Saturday 23 February 2013

We can't always walk away and we can't always be happy .....

It is interesting reading some of the spiritual posts which go up and I like many of them but equally, sometimes they just sound trite and unrealistic.

One suggests that we should respect ourselves enough to walk away from that which does not serve us, does not help us grow and does not make us happy. The reality is that if we did we would spend our whole lives walking away.

Surely if one could walk away from anything then we would but often we cannot and it has nothing to do with a lack of respect - it is just the way it is!

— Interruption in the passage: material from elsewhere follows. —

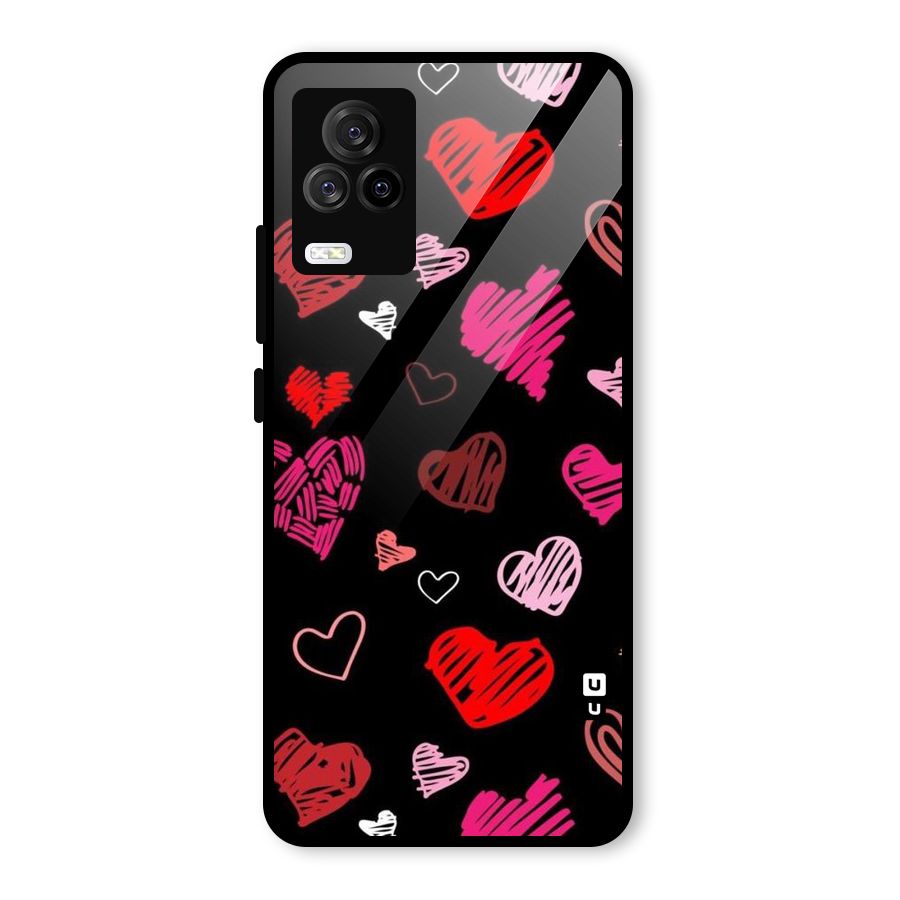 Hearts Art Pattern Glass Back Case for Vivo iQOO 7 Legend 5G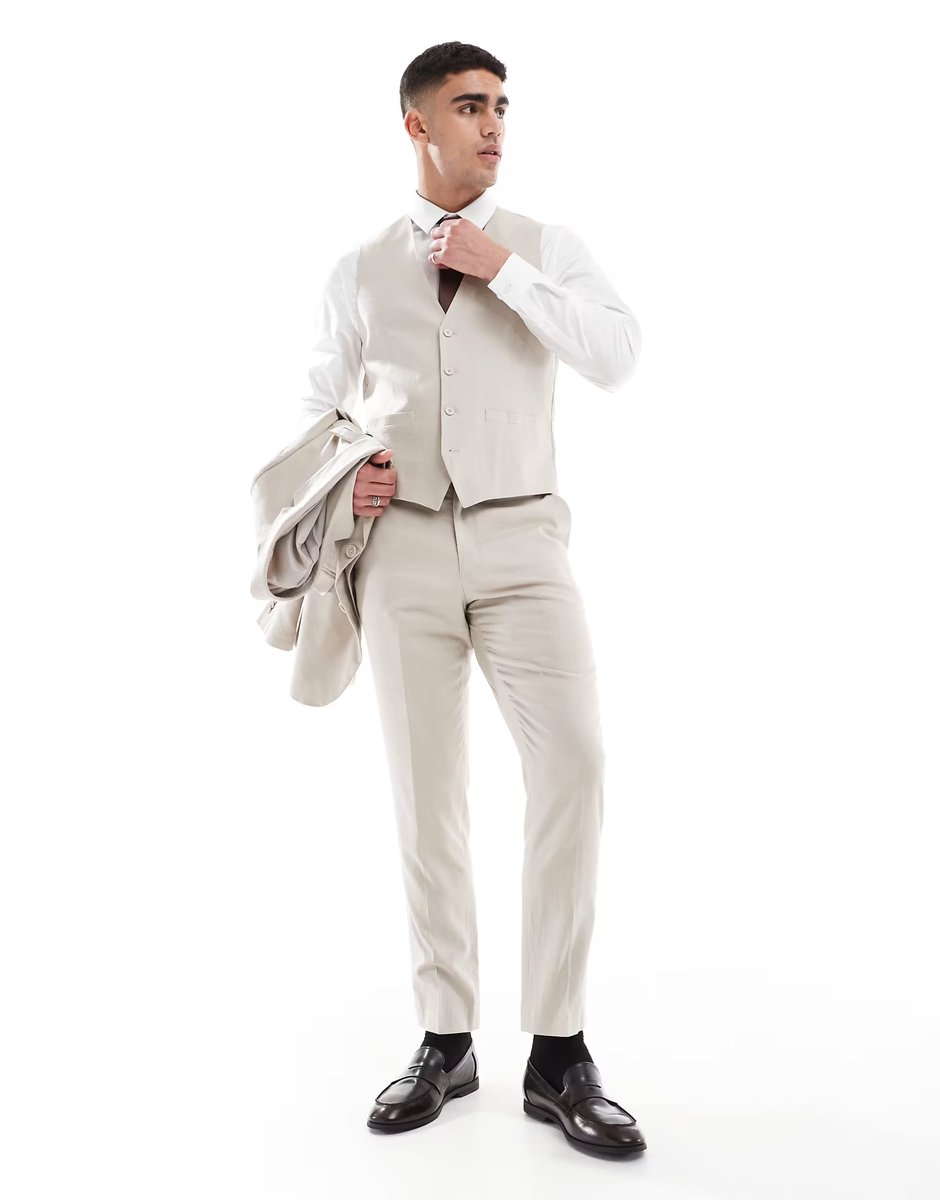 ASOS French Connection linen formal suit co-ord in stone - 2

We can have difficult situations with our children for example and we may find it impossible to believe it serves us, let alone grows us, feeling crushed as one can and it certainly does not make us happy but we would never walk away.... and should never walk away.

Equally with parents who are deserving of our honouring no matter how hard it might be to remain in a relationship; or our siblings whom we have chosen to be with in this life; or our close friends whom we have known for many years and who, because of what is going on in their lives, no longer 'serve' us, although my question is, who says they should ?

And what does it mean to say that someone or something 'grows us' that we can define  as growth anyway? How would we know what is growing us and what is not given that often it is only when we look back over many years that we can see that difficult situations were in fact just what we needed and the best thing for us? The difficult people and situations are our greatest teachers so says another spiritual maxim.

And then there is the illusion of what makes us happy, when often, what makes us happy or makes us feel happy or think we are happy is the worst thing for us. Ask anyone who is addicted to drugs, drink, sex, work, exercise, food.....

If we are in an abusive relationship there is good reason to walk away but generally such relationships are long lasting and the decision to walk away comes very late in the piece. One could argue that if a woman does not walk away the first time her partner is physically violent toward her then she is accepting the situation and the problem is as much hers as his. Obviously it is not always easy to walk away and that is also the point. There are many things which don't 'serve' us, which are painful, which make us desperately unhappy and we feel we cannot walk away just yet, perhaps never. If we do walk away from an abusive relationship for instance then we still need to remember we cannot walk away from the part of us which got us there in the first place and kept us there; in other words we have to do the painful work or we will just put ourselves in the same situation again.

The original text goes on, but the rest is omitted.